Ordnungsamtsleiter Jochen Schilling zeigt sich selbst unzufrieden mit der Situation. „Ich weiß nicht, warum wir noch nicht bei der Höchstleistung sind“, sagte er in der jüngsten Sitzung des Verwaltungsausschusses. Schließlich nutze man alle vorhandenen Kapazitäten und habe alle Prozesse möglichst effizient organisiert. In den vergangenen Monaten seien zahlreiche Maßnahmen umgesetzt worden, die eigentlich zu spürbaren Verbesserungen führen sollten. Doch bei einem internen Praxistest, bei dem seit Anfang des Jahres jeden Donnerstag überprüft wurde, wie viel Wartezeit für bestimmte Leistungen anfällt, hätten sich kaum Veränderungen gezeigt. So betrug die Wartezeit für eine Anmeldung in Esslingen Anfang Januar 115 Tage (ohne Sonn- und Feiertage) und damit fast fünf Monate. Am 10. März waren es sogar 118 Tage. Ähnlich sieht es bei Anträgen für einen Reisepass oder Personalausweis aus. Lediglich auf einen Termin für den Antrag auf ein Führungszeugnis musste man zuletzt deutlich weniger lang warten: nur noch einen Tag statt rund drei Monate.
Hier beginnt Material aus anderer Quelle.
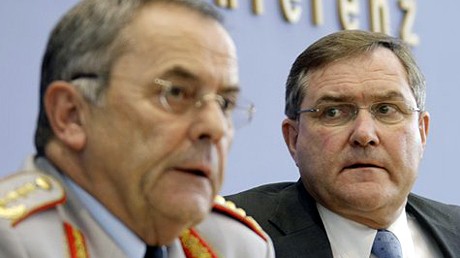 Der damalige Bundesverteidigungsminister Franz Josef Jung und der ehemalige Generalinspekteur der Bundeswehr, Wolfgang Schneiderhan, geben am 22. Julil 2009 in Berlin eine Pressekonferenz. Der damalige Bundesverteidigungsminister Franz Josef Jung und der ehemalige Generalinspekteur der Bundeswehr, Wolfgang Schneiderhan, geben am 22. Julil 2009 in Berlin eine Pressekonferenz.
Das dürfte allerdings wohl darauf zurückzuführen sein, dass die Stadt den Anträgen auf Führungszeugnisse jetzt Priorität eingeräumt hat. Zudem schaltet man pro Woche rund 140 Notfalltermine frei für dringende Anliegen. „Wir können jedem, der das braucht und begründet, einen früheren Termin anbieten“, so Schilling. Darüber hinaus öffne man inzwischen zwei weitere Schalter mit bis zu 120 zusätzlichen Terminen pro Woche, zudem seien am Samstag jetzt vier statt bislang zu zwei Schalter geöffnet. Angesichts der sich abzeichnenden Fernreisewelle wurde ein separater Schalter für die Beantragung von Ausweispapieren eingerichtet, außerdem ein extra Schalter zum Abholen derselben. Man habe die im System hinterlegte Bearbeitungszeit reduziert und die Schalterzeit der Mitarbeiter von 50 auf 64 Prozent erhöht, um noch mehr Termine anzubieten, berichtet Schilling. Doch bislang fruchtet das nicht wie gewünscht. Zumal das Onlinesystem zur Terminbuchung seine Tücken hat: Die durchaus nicht seltenen Mehrfachbuchungen müssen nach Rücksprache mit dem jeweiligen Kunden manuell gelöscht werden – ein Zeitfresser.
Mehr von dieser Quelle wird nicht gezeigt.